## The problem:
Among the entries below, which lines run from the line with "Today I've come" through the line with "In all cases"? Retype those, both ends included, exactly and without pictures.

## Entries provided:
++++++++++++++++++++

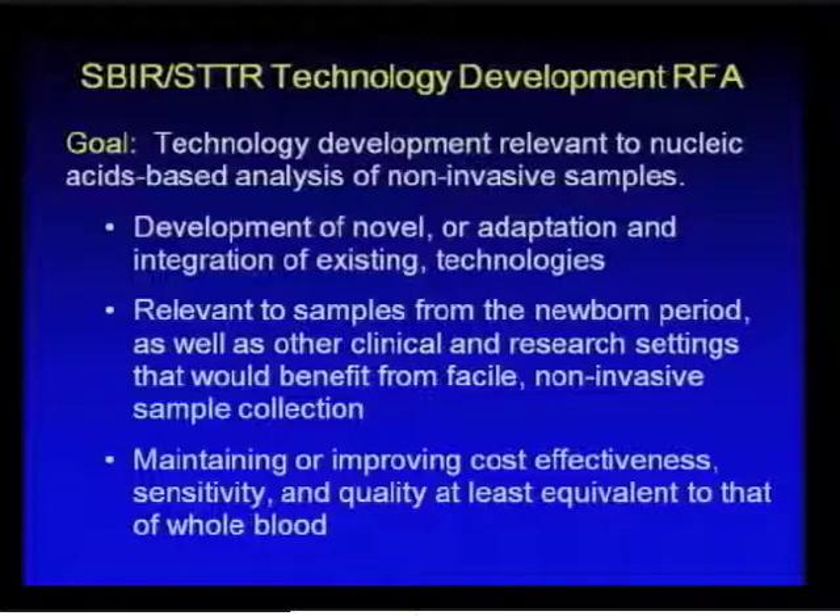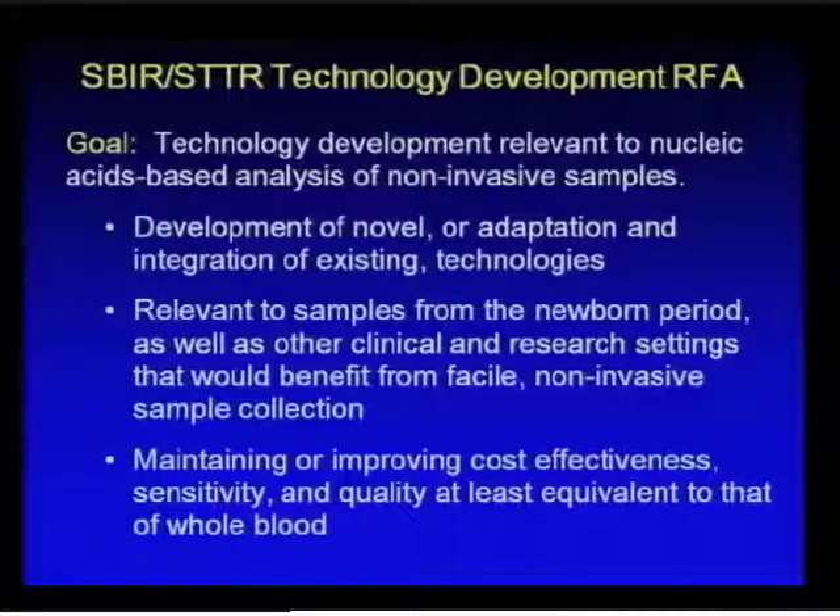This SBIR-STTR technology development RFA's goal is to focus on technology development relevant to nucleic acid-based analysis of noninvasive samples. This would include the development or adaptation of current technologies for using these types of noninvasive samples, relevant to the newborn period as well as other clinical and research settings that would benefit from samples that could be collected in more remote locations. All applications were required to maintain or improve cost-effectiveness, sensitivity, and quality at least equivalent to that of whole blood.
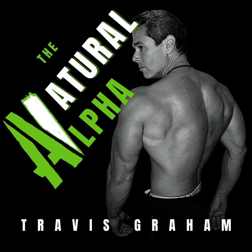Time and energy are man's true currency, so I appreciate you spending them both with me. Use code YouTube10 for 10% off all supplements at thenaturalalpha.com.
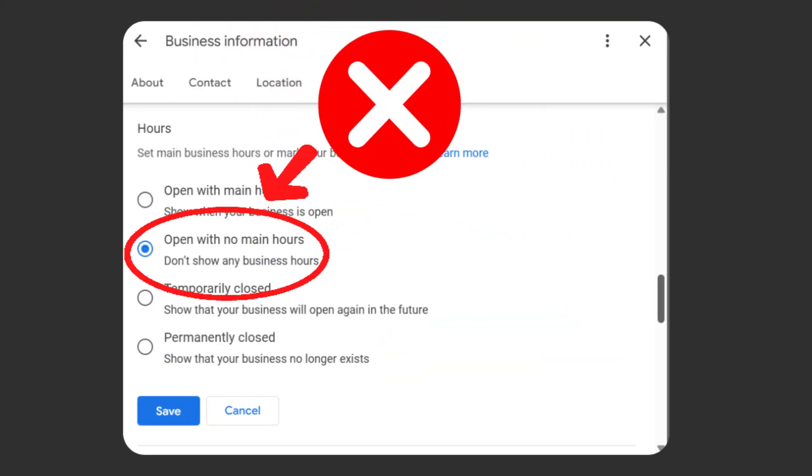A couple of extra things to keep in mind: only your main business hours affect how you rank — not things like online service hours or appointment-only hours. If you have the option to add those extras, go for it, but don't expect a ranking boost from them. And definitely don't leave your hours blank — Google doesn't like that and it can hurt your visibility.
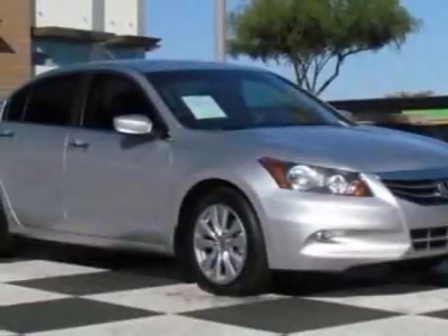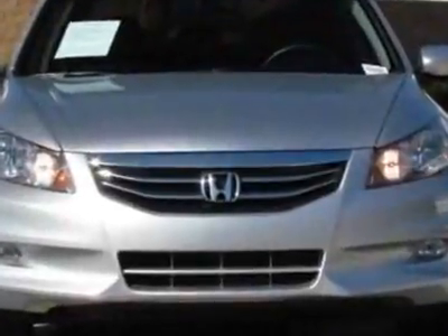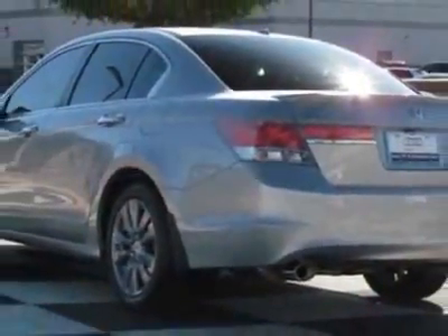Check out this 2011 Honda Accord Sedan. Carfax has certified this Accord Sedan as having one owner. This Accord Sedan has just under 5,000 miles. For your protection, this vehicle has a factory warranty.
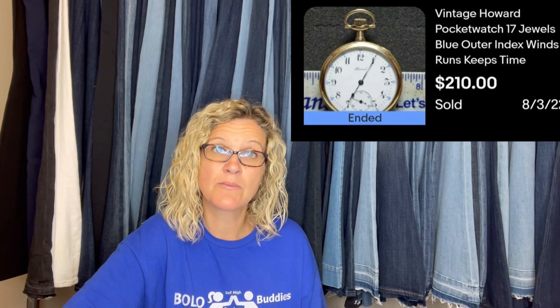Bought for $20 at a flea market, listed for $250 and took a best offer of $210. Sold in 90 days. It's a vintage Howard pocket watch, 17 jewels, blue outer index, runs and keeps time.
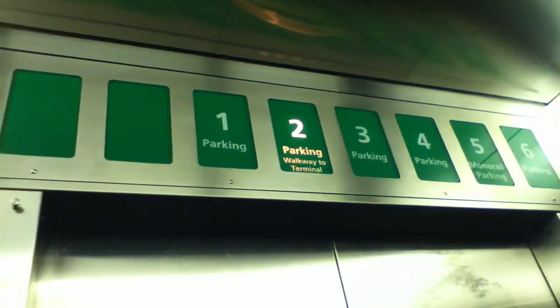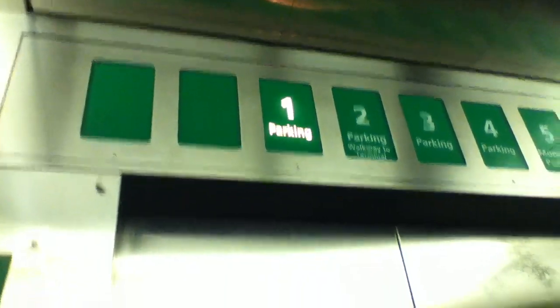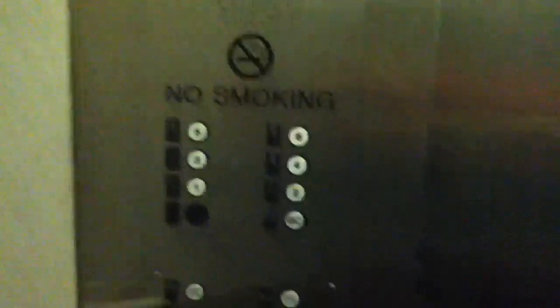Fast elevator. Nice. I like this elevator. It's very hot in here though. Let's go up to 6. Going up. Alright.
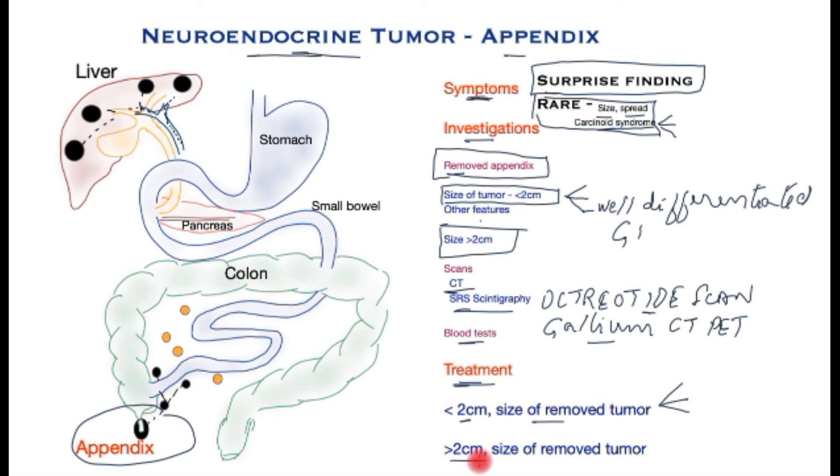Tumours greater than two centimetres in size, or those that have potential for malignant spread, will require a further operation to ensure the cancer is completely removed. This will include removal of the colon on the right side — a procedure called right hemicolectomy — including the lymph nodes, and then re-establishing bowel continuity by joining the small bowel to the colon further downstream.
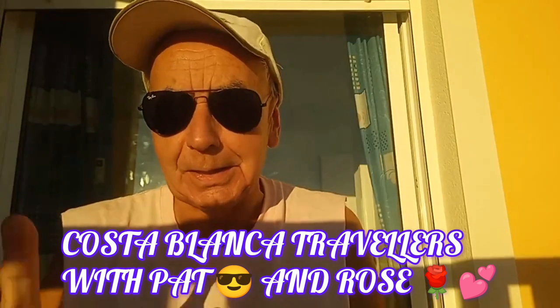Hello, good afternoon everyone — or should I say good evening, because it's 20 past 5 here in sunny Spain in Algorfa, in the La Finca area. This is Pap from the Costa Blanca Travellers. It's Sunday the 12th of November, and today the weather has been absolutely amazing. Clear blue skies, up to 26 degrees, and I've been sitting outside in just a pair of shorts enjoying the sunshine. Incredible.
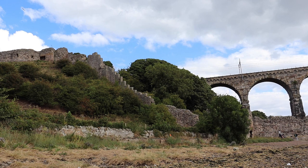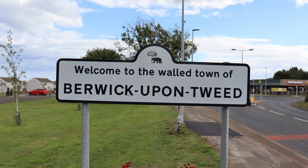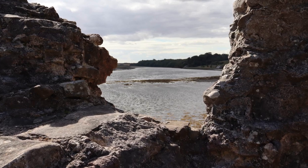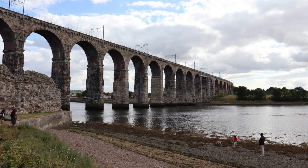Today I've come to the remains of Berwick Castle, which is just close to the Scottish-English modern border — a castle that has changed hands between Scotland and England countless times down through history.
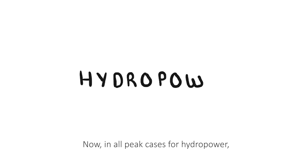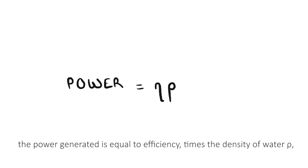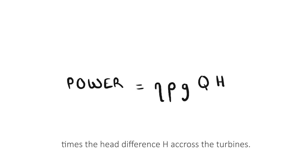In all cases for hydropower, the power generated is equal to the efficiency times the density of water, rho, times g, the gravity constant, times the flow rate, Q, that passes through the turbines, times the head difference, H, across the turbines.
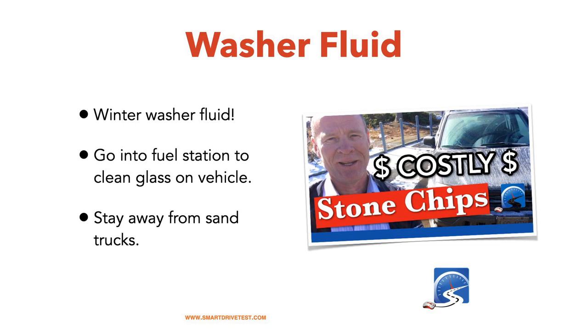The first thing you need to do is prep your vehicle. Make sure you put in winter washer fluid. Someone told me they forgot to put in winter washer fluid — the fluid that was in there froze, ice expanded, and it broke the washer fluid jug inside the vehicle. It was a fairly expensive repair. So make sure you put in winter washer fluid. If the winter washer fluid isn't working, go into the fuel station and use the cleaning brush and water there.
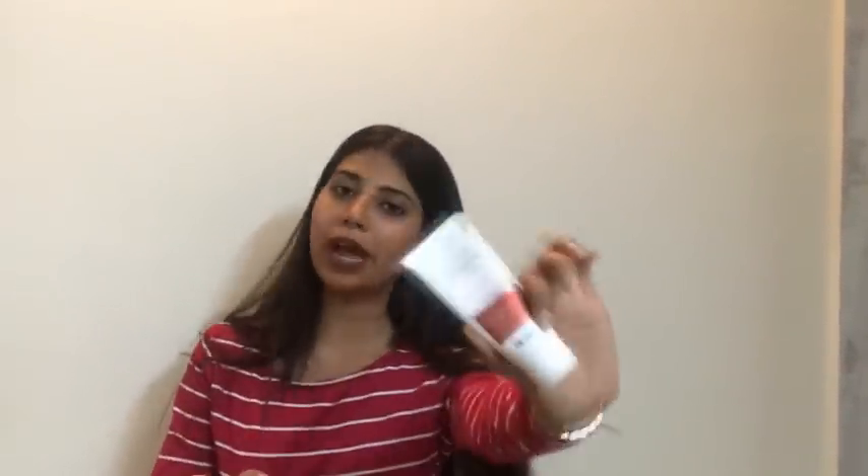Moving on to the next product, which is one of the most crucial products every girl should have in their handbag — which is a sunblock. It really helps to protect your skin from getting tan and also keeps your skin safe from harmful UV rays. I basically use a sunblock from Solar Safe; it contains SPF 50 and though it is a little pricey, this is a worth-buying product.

++++++++++++++++++++

## Response box:
Today I've come to the remains of Berwick Castle, which is just close to the Scottish-English modern border — a castle that has changed hands between Scotland and England countless times down through history.
In all cases for hydropower, the power generated is equal to the efficiency times the density of water, rho, times g, the gravity constant, times the flow rate, Q, that passes through the turbines, times the head difference, H, across the turbines.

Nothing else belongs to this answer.